The Belt and Road Initiative has a crucial role in bridging ASEAN and China. Setting aside the underlying geostrategic and geopolitical considerations, the potential benefits from BRI for ASEAN could be massive. The initiative will not only promote industrial development but also help enhance connectivity among the ASEAN member nations. BRI is also the perfect medium for China to trigger demand for its products by investing intensively in strategic infrastructure projects, and developing economic ties along its Silk Road Economic Belt and the 21st Century Maritime Silk Road.

4.3 Philippine Participation

President Rodrigo Duterte has signaled a remarkable shift in the country’s foreign policy by opening the door to a closer relation between the Philippines and China. During his state visit to China last October 2017, he remarked that the country is shying away from the U.S. and moving towards China. This is considered a major move to end the country’s anti-China sentiments emanating from a maritime sovereignty dispute while extending a hand of economic and political cooperation to China.
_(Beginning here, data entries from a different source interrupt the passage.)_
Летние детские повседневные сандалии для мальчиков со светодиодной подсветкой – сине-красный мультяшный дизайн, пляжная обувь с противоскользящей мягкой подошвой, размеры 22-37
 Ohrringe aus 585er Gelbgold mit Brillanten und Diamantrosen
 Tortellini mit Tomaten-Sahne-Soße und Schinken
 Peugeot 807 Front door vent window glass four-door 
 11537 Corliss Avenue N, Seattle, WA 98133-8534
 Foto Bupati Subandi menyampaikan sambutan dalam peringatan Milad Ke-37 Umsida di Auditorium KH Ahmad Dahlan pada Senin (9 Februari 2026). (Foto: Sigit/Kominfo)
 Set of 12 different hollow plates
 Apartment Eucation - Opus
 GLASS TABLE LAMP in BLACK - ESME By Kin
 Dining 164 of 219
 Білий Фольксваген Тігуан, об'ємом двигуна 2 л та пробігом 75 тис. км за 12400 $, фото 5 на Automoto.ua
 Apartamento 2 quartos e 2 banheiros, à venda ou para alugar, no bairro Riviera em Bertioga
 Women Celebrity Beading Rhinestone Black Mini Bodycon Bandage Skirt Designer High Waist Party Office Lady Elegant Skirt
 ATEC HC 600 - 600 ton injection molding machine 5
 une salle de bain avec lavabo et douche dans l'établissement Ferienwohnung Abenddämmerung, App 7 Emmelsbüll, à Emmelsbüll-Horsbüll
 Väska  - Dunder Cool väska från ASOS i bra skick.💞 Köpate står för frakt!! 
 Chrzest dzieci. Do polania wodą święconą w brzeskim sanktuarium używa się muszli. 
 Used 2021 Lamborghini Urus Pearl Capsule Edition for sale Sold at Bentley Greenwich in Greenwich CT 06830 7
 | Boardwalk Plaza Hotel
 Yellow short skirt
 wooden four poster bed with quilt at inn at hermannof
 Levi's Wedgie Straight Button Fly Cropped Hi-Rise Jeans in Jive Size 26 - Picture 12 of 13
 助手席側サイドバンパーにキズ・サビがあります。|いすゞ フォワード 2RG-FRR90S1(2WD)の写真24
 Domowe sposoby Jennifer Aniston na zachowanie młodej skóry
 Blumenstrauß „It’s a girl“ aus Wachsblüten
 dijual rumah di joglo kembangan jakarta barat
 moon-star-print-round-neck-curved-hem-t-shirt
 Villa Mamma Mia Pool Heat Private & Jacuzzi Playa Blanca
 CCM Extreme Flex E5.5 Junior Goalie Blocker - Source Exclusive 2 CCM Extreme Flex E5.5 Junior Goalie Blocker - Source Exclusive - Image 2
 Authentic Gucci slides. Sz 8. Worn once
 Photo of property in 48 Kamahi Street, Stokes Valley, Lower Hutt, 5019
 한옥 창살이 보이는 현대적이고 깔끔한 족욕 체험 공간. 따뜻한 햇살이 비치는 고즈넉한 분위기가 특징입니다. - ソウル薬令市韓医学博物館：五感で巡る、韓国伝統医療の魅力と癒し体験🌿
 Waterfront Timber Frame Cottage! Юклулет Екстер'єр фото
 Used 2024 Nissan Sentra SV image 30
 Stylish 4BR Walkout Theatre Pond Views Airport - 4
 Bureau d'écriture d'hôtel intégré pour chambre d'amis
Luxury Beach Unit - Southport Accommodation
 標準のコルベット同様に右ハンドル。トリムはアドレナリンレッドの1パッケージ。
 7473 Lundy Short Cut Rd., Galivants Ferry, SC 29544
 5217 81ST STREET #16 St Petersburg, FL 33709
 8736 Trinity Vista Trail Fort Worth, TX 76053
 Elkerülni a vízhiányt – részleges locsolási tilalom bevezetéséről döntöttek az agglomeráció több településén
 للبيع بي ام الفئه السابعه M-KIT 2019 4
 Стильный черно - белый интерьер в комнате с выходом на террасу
With this development, approximately USD 24 billion worth of investment and credit line pledges was granted to the Philippines to boost its transport, energy, steel and agricultural sectors. The administration is also securing a total of $3.7 billion in funding for up to 30 projects as the Philippines builds new infrastructure. This sends strong signals to businesses in both nations that the Philippines is now a participant in China’s Belt and Road Initiative.
Chinese President Xi Jinping met with Philippine President Rodrigo Duterte on the sidelines of the Asia-Pacific Economic Cooperation Economic Leaders’ Meeting to strengthening bilateral ties. Xi said that bilateral ties the between the two countries’ have opened a new chapter. With cooperation enhanced it will bring tangible benefits to both peoples and will contribute to the region’s peace and stability. He also said that the two sides should align the Belt and Road Initiative with the Philippines’ development strategy, and deepen practical cooperation in infrastructure, agriculture, investment and other areas. Given BRI’s similarity with President Duterte’s domestic goal of ushering a “golden age of infrastructure”, the Philippines under the initiative will be instrumental to expand trade, build critical infrastructure and provide greater employment to sustain the country’s growth momentum. However, implementing BRI’s future infrastructure investment plans must be consistent with the Philippines’ infrastructure and other development plans.
Also, the Philippines have participated in to AIIB in October 2014 to fund infrastructure development and stimulate economic growth in Asia. Socioeconomic planning Secretary Ernesto Pernia admitted that China’s infrastructure loans are more expensive than Japan’s. China is offering loans with 2 to 3 percent interest while Japan is imposing 0.25 to 0.75% interest rates. nonetheless, the Duterte government still wants to borrow loans from China since the processing of Japanese projects tends to be “slow” and China’s rates are “still much better” than commercial loans.